(Items from a data source)
++++

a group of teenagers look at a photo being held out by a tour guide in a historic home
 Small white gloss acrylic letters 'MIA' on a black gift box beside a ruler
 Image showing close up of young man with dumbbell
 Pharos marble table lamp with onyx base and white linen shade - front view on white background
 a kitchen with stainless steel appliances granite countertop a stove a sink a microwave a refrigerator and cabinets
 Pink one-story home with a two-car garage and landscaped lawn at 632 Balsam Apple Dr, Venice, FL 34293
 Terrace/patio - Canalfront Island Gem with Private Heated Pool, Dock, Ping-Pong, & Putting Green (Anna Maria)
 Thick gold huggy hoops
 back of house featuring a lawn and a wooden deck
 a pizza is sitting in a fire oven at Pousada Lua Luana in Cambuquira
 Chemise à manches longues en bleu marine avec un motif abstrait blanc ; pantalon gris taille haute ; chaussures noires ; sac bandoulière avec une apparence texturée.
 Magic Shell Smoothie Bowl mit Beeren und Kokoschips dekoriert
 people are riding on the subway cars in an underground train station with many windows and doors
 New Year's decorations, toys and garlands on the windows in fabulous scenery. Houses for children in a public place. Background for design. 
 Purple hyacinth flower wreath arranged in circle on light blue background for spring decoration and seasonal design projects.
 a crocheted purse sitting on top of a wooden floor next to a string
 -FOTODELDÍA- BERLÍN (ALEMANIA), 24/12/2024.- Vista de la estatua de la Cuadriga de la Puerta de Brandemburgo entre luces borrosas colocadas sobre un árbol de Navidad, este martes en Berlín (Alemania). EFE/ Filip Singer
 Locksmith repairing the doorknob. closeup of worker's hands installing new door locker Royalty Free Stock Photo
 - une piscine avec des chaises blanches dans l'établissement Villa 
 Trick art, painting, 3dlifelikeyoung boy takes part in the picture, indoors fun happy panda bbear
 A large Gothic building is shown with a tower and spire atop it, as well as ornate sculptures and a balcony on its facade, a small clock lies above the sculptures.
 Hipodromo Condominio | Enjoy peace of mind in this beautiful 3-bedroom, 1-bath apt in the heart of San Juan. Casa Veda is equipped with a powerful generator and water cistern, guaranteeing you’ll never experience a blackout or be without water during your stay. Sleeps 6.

++++

▶ [What to produce] Out of the preceding entries, pull each line that contains the word "windows".

▶ [Written reply]
 people are riding on the subway cars in an underground train station with many windows and doors
 New Year's decorations, toys and garlands on the windows in fabulous scenery. Houses for children in a public place. Background for design. 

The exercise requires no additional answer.